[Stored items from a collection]
▼

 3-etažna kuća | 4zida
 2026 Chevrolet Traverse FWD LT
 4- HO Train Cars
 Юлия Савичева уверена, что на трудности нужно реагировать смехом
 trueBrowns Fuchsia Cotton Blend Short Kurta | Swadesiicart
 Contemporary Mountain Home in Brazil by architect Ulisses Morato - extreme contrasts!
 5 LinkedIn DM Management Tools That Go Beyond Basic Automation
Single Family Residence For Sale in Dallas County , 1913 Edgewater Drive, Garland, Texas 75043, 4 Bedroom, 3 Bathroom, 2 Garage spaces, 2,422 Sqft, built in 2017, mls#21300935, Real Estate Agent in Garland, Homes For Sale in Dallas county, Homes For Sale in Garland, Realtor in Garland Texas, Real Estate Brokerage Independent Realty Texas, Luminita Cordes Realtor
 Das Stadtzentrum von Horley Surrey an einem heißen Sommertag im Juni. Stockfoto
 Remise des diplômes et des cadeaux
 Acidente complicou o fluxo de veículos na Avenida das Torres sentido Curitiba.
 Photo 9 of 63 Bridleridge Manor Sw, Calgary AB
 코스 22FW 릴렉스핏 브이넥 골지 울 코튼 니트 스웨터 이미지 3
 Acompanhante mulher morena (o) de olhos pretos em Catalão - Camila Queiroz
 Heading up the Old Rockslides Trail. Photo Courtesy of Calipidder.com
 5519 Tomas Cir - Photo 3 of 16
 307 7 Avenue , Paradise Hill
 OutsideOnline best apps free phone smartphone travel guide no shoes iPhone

▲

# TASK DETAILS
When the line with "Das Stadtzentrum von" is reached in the data above, begin copying, and stop after the line with "Acompanhante mulher morena"; copy each line exactly, both ends included.

# ANSWER SPACE
 Das Stadtzentrum von Horley Surrey an einem heißen Sommertag im Juni. Stockfoto
 Remise des diplômes et des cadeaux
 Acidente complicou o fluxo de veículos na Avenida das Torres sentido Curitiba.
 Photo 9 of 63 Bridleridge Manor Sw, Calgary AB
 코스 22FW 릴렉스핏 브이넥 골지 울 코튼 니트 스웨터 이미지 3
 Acompanhante mulher morena (o) de olhos pretos em Catalão - Camila Queiroz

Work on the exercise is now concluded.